*** DATA SECTION
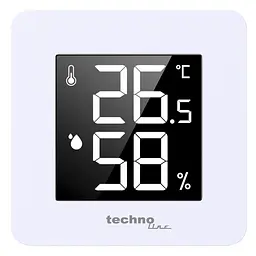 Термогігрометр Technoline WS9475 Білий - мініатюра 3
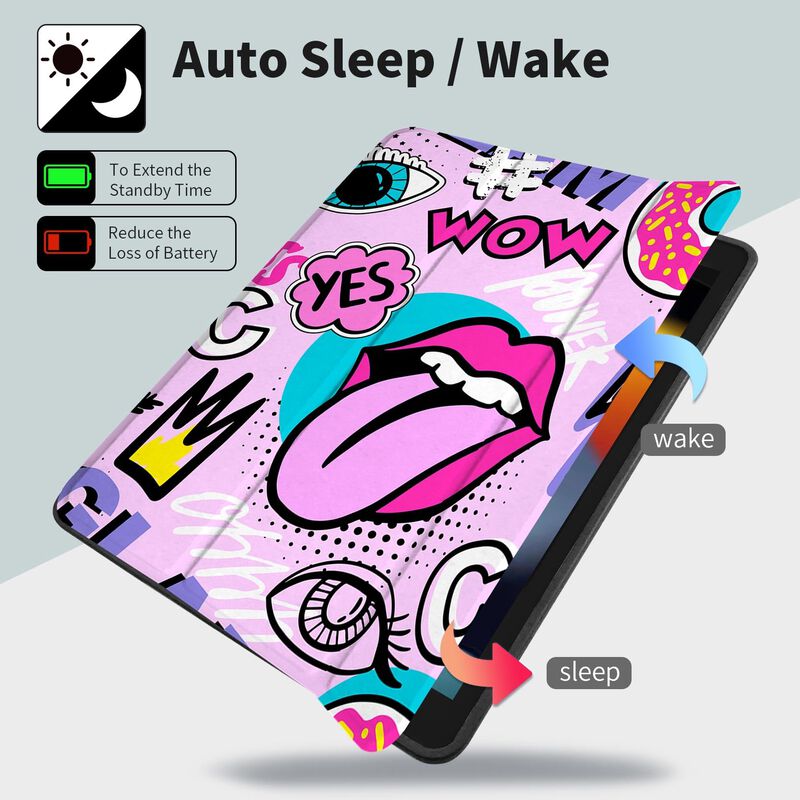 Funda Trizoanic Para Ipad 10.2" Con Soporte Par... image number null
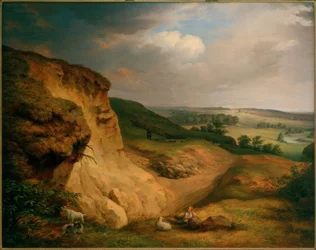 De Muldenstein bij Jeßnitz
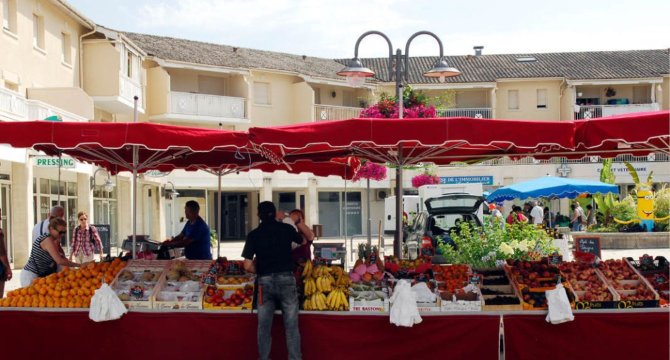 Photo du marché d'Artigues-près-Bordeaux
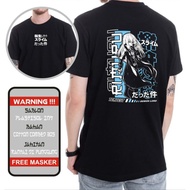 T-shirt rimuru tempest anime tensai shitara slime datta ken | Tokyo revengers T-Shirt | Anime T-Shirts | Japanese samurai T-Shirt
******
**PROBLEM TO SOLVE:**
Write each entry again exactly, minus any images.

**RESULT OF THIS TASK:**
 Термогігрометр Technoline WS9475 Білий - мініатюра 3
 Funda Trizoanic Para Ipad 10.2" Con Soporte Par... image number null
 De Muldenstein bij Jeßnitz
 Photo du marché d'Artigues-près-Bordeaux
 T-shirt rimuru tempest anime tensai shitara slime datta ken | Tokyo revengers T-Shirt | Anime T-Shirts | Japanese samurai T-Shirt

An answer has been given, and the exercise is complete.